== Exercise aim ==
Retype every line from the start of the data down to and including the line with "Caucasian Police officer takes a knee emoji". Skip the pictures.

== Records provided ==

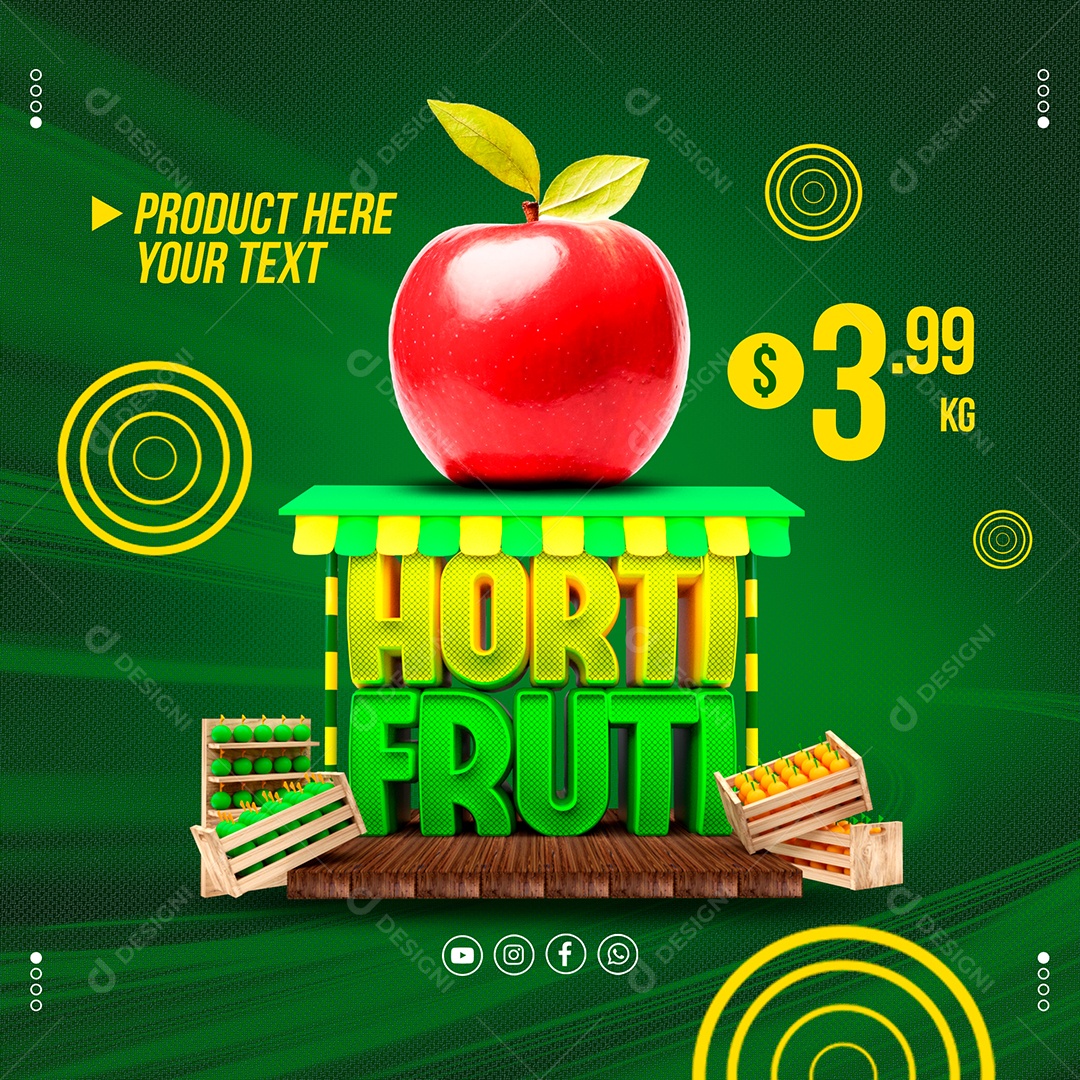 Hortifrúti Ofertas Maçãs Social Media PSD Editável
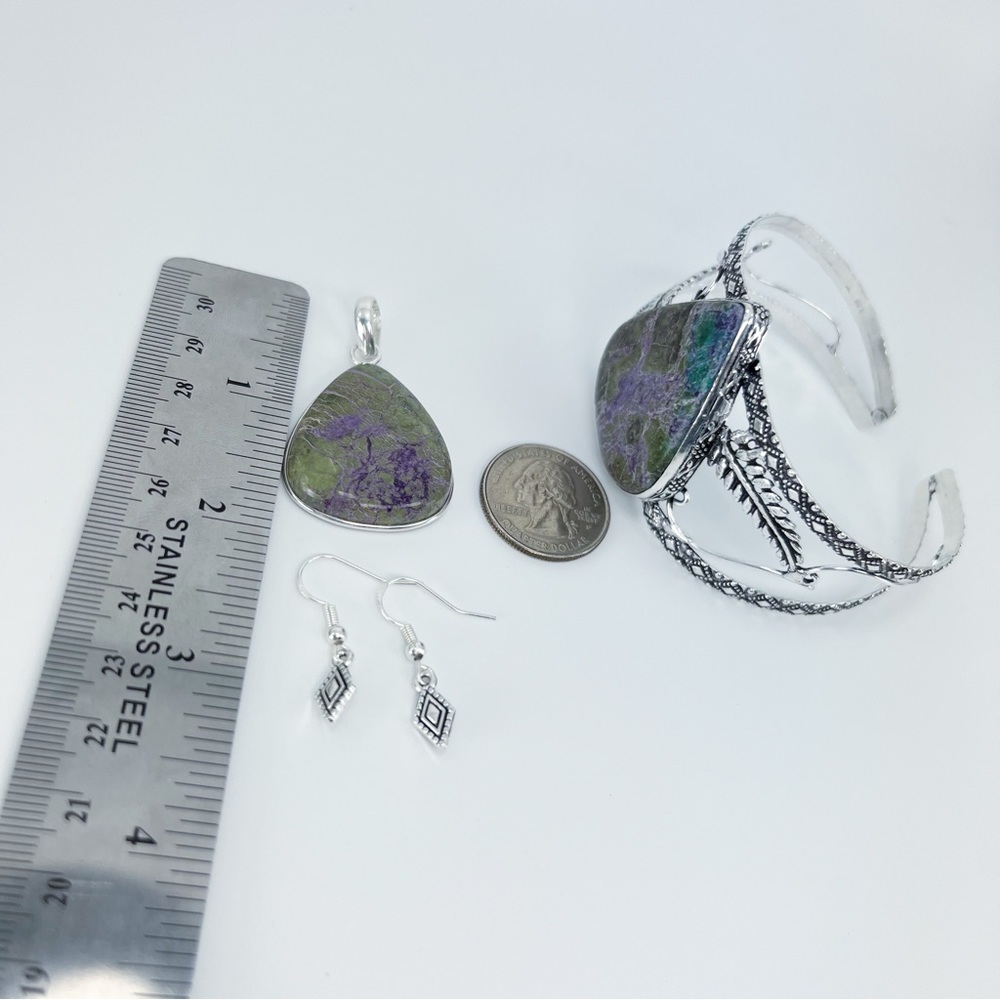 *SOLD* Solid Sterling 925 Purpurite Pendant Bracelet Earrings Jewelry Lot - Picture 8 of 13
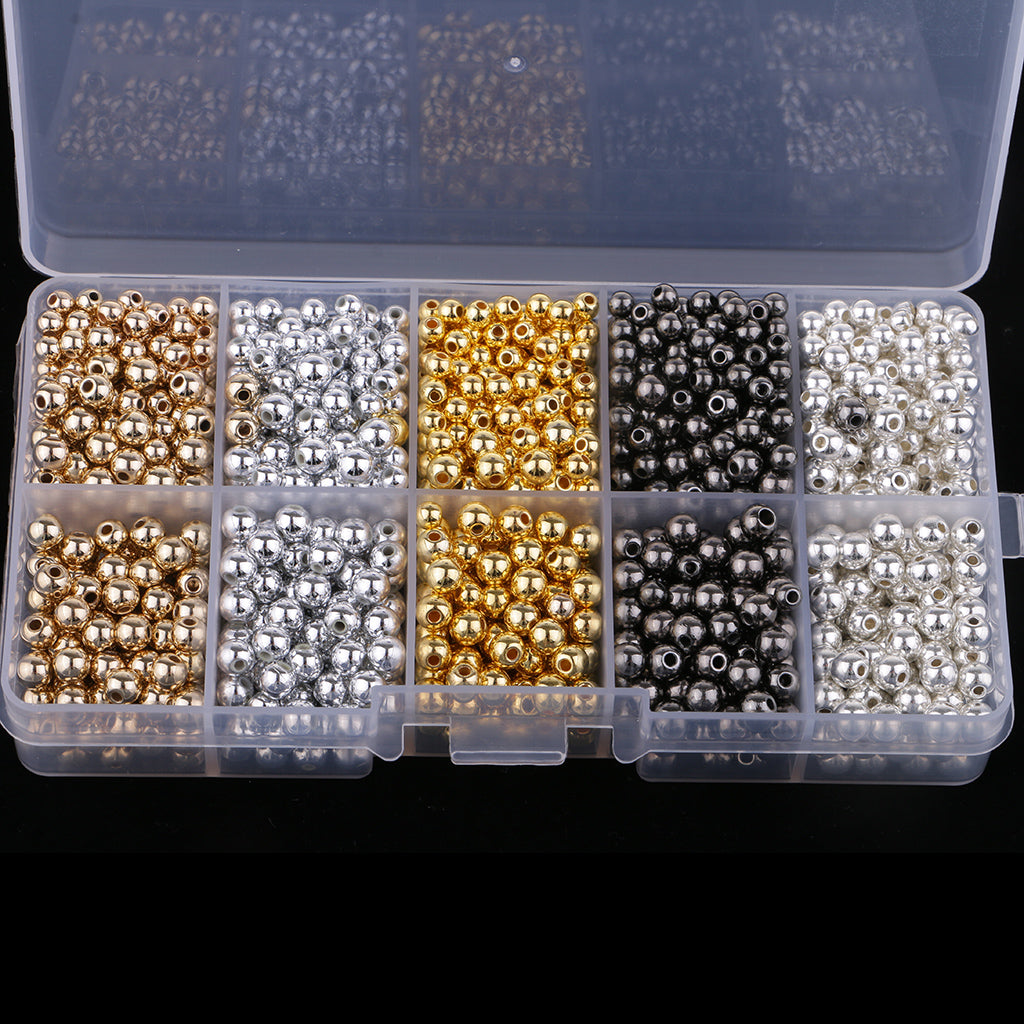 A Box Of 1500 Pcs CCB Spacer Loose Beads Large Hole For DIY Jewelry Making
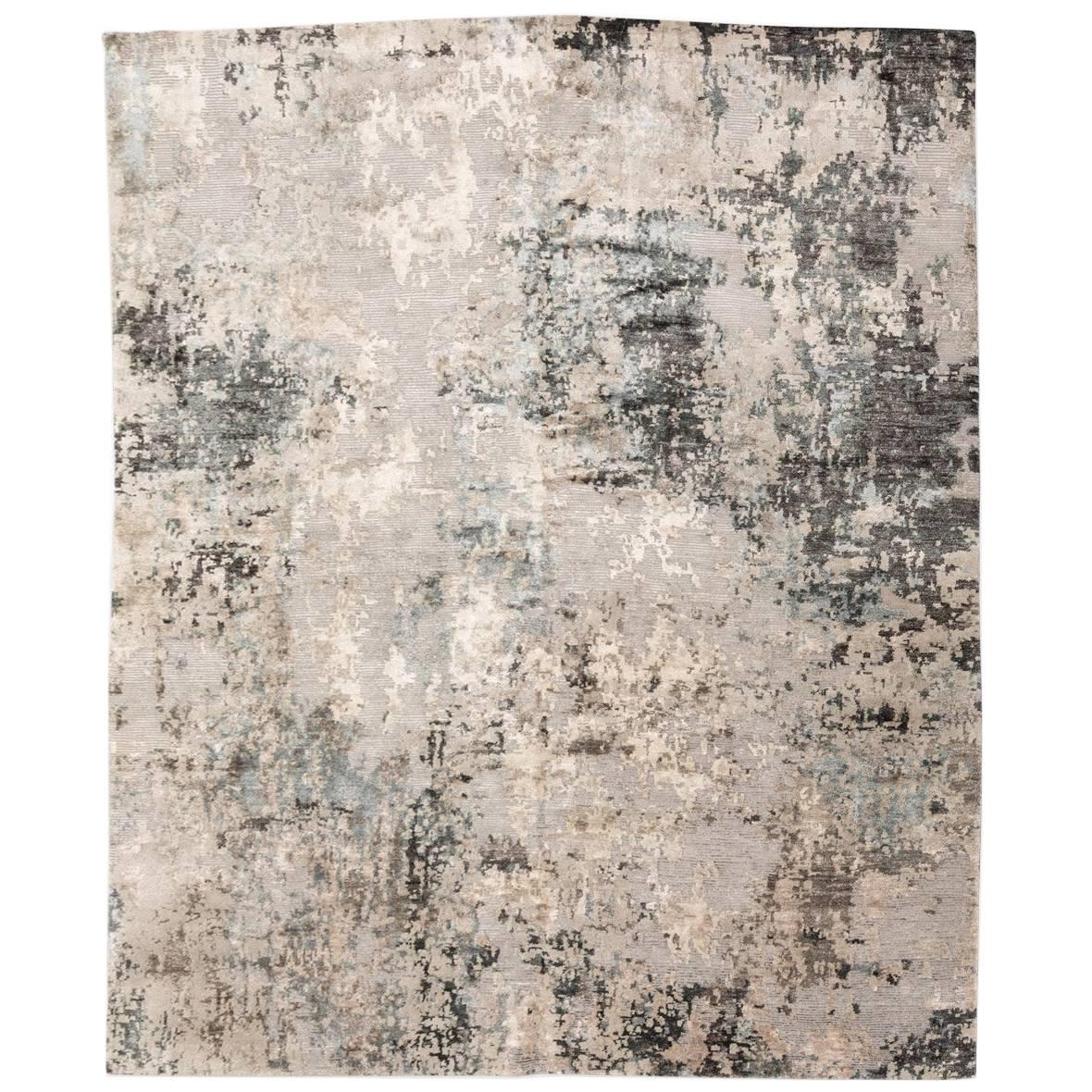 Contemporary Silk and Wool Rug, Abstract Design over Gray Tones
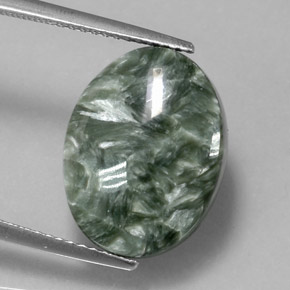 8.92 ct Green Seraphinite Gemstone, Seraphinite Gem in Oval Cabochon Shape for Sale.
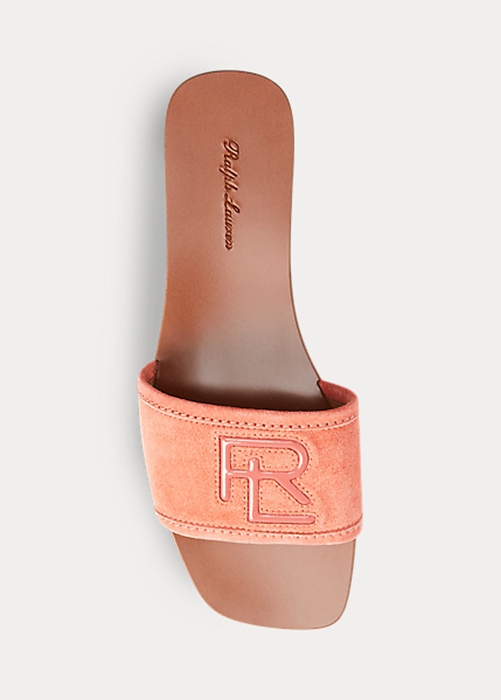 Rose Ralph Lauren Andela Calf-Suede Women's Sandals | 1745-BNRDL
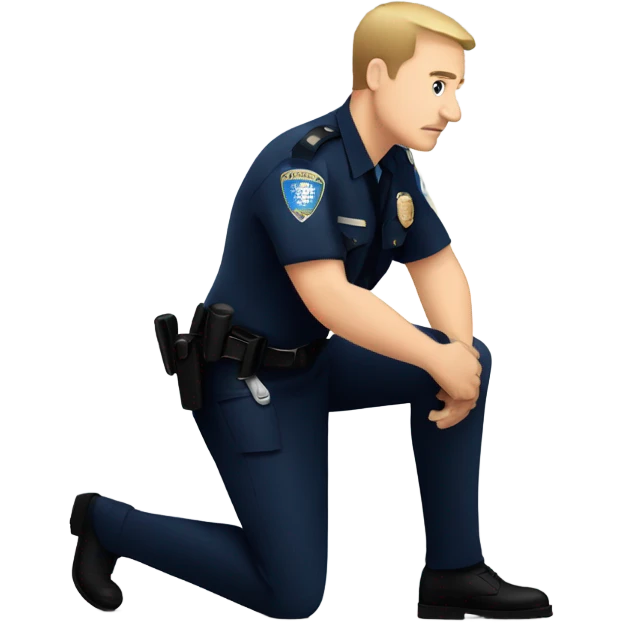 Caucasian Police officer takes a knee emoji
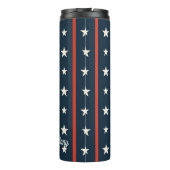 Minimale Sternenfeld-Pattern USA | Luxus Damenmode Thermosbecher (Rückseite)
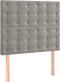 vidaXL - Hoofdborden - 2 - st - 80x5x78/88 - cm - fluweel - lichtgrijs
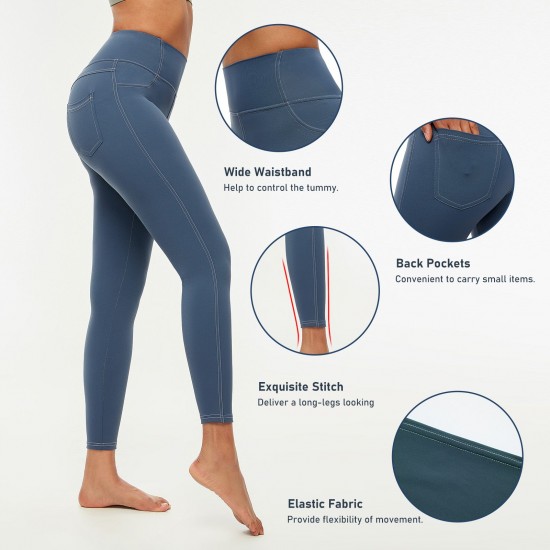 Women Leggings High Waist Back Pocket Quick-dry Moisture-wicking Tight Slimming Pants Running Fitness Workout Yoga Pants Women Leggings High Waist Back Pocket Quick-dry Moisture-wicking Tight Slimming Pants Running Fitness Workout Yoga Pants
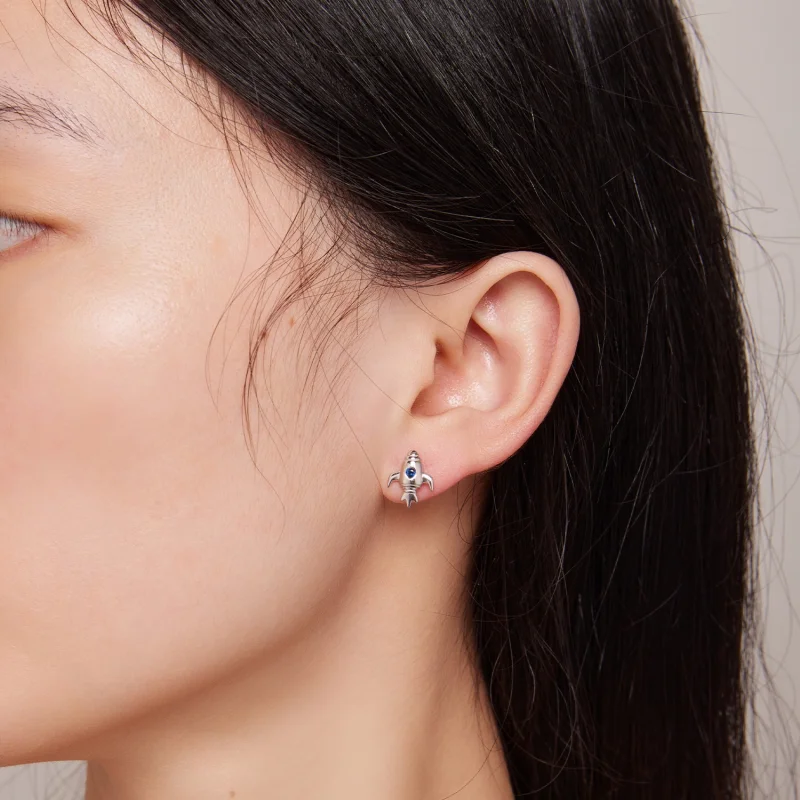 (Bild für) Pandora Style Raumschiff Asymmetrische Ohrringe - SCE1578 - Ansicht 6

== Answer space ==
 Hortifrúti Ofertas Maçãs Social Media PSD Editável
 *SOLD* Solid Sterling 925 Purpurite Pendant Bracelet Earrings Jewelry Lot - Picture 8 of 13
 A Box Of 1500 Pcs CCB Spacer Loose Beads Large Hole For DIY Jewelry Making
 Contemporary Silk and Wool Rug, Abstract Design over Gray Tones
 8.92 ct Green Seraphinite Gemstone, Seraphinite Gem in Oval Cabochon Shape for Sale.
 Rose Ralph Lauren Andela Calf-Suede Women's Sandals | 1745-BNRDL
 Caucasian Police officer takes a knee emoji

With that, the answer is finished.